I believe Ankona will update their site tonight or tomorrow with more picture and specs.

It's been a long 6 weeks and after we did the 25 shoot out I basically slept yesterday. I'm sure they did the same...

The skiff is 14' 7" LOA and top deck beam at the widest point was 63". I will get more specs and pictures up soon too.

Cheers and Thanks for the kind words...


----------



## Un-shore

I'm not happy at all, I wanted to build my '86 Manatee 14' with a similar bow flair and deck like that but old age and old injuries crushed that dream.

I guess I'll just see if I can afford one of these, that is one sweet throw-back!

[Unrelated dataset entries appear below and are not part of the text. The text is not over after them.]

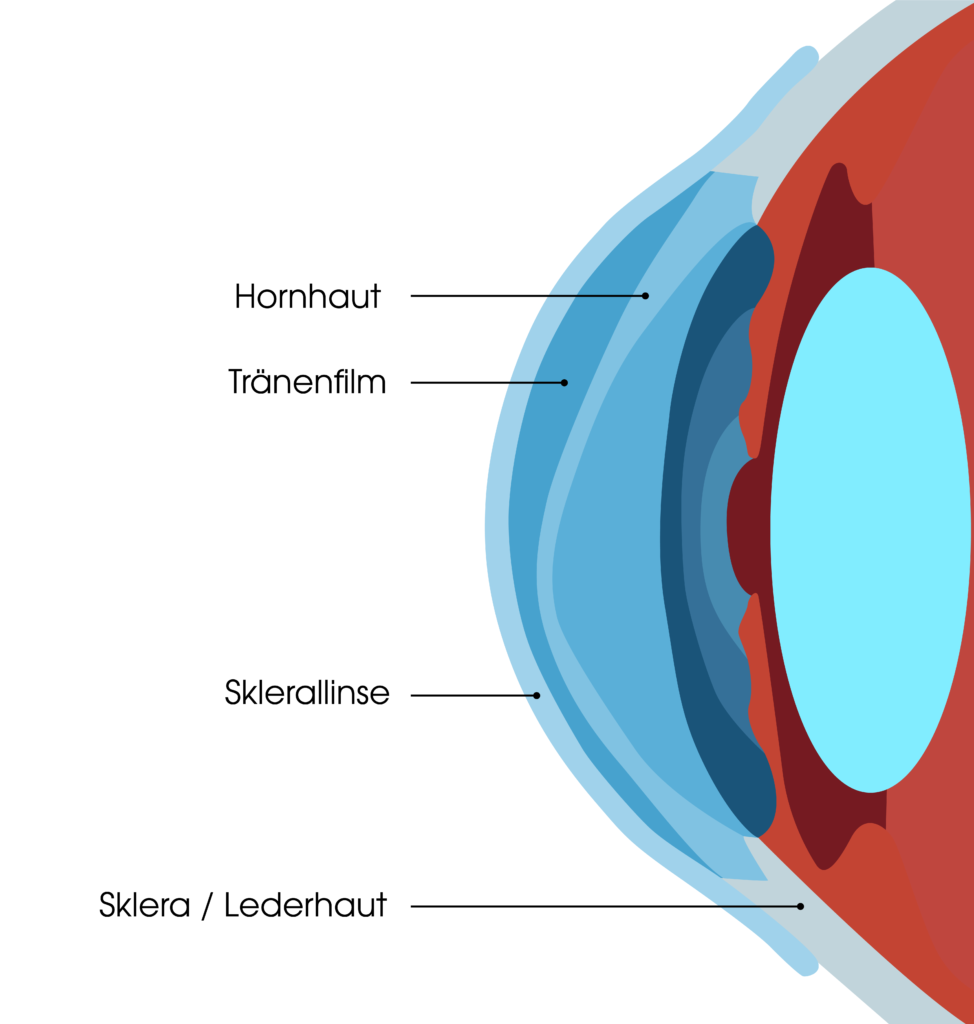 Die Handhabung von Sklerallinsen unterscheidet sich von der herkömmlicher Kontaktlinsen.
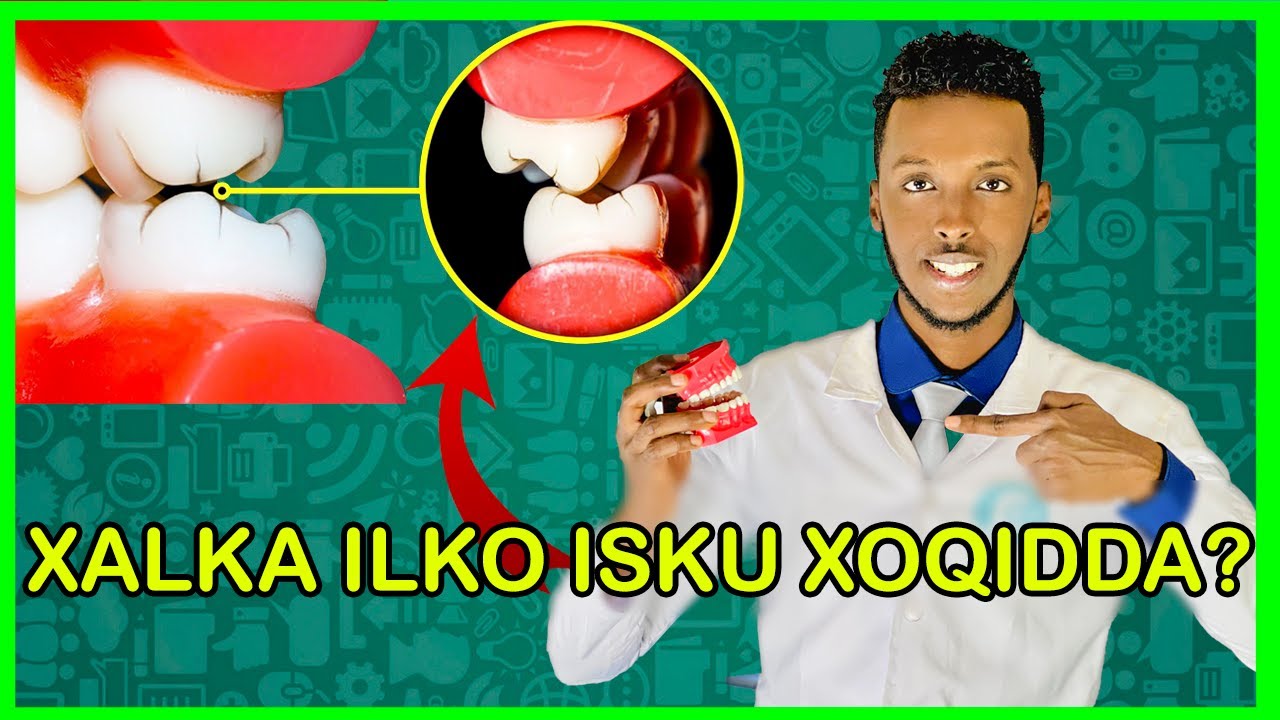 ILKO JIRIRQSIGA🦷 IYO SIDA LA ISAGA JOOJIYO | BRUXISM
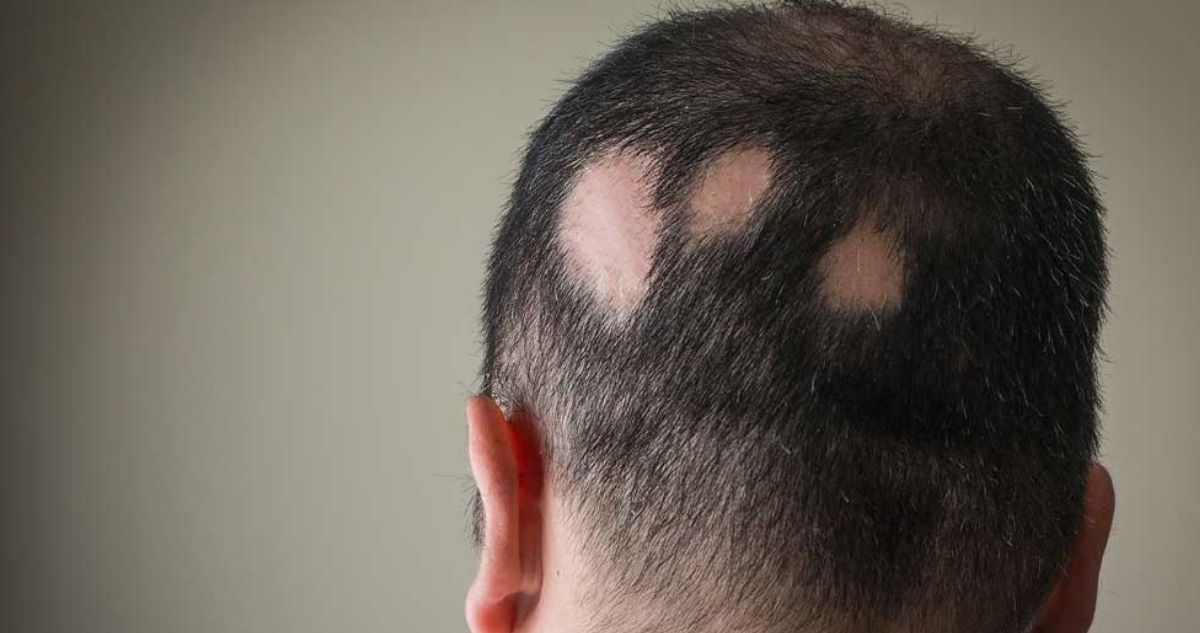 Alopecia areata: jada pinkett smith
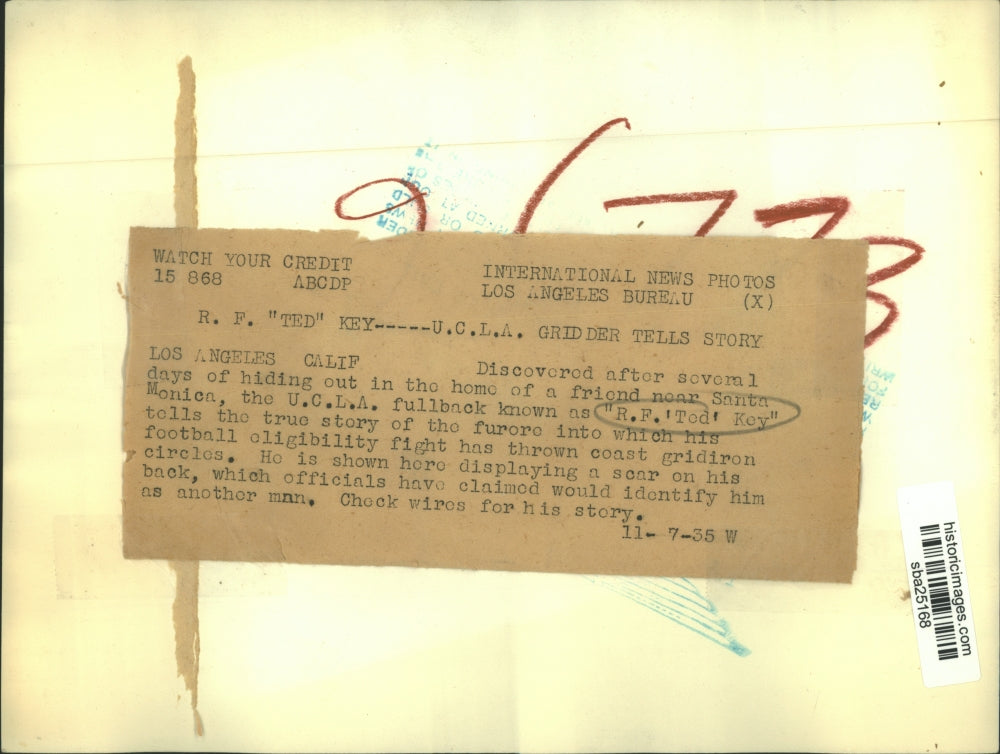 1935 Press Photo UCLA fullback RF Ted Key Showing a Scar on His Back - sba25168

Canoeman said: "That boat is as cool as a '63 split window." Now if somebody would just revive that!


----------



## paint it black

What's the price tag on one of these bad boys.


----------



## cal1320

Should you get that 63 vette or the boat?

The answer is yes!


----------



## iMacattack

that's cool!

Price tag... I will let Mel post that. ;D


----------



## paint it black

> that's cool!
> 
> Price tag... I will let Mel post that.  ;D



Will it be more or less than the copperhead? I know it's smaller than the copperhead in length, but it looks like more goes into building it.


----------



## iMacattack

Just got off the phone with Capt. Karl. He graciously filled in a few details about the skiff and want to preserve them here.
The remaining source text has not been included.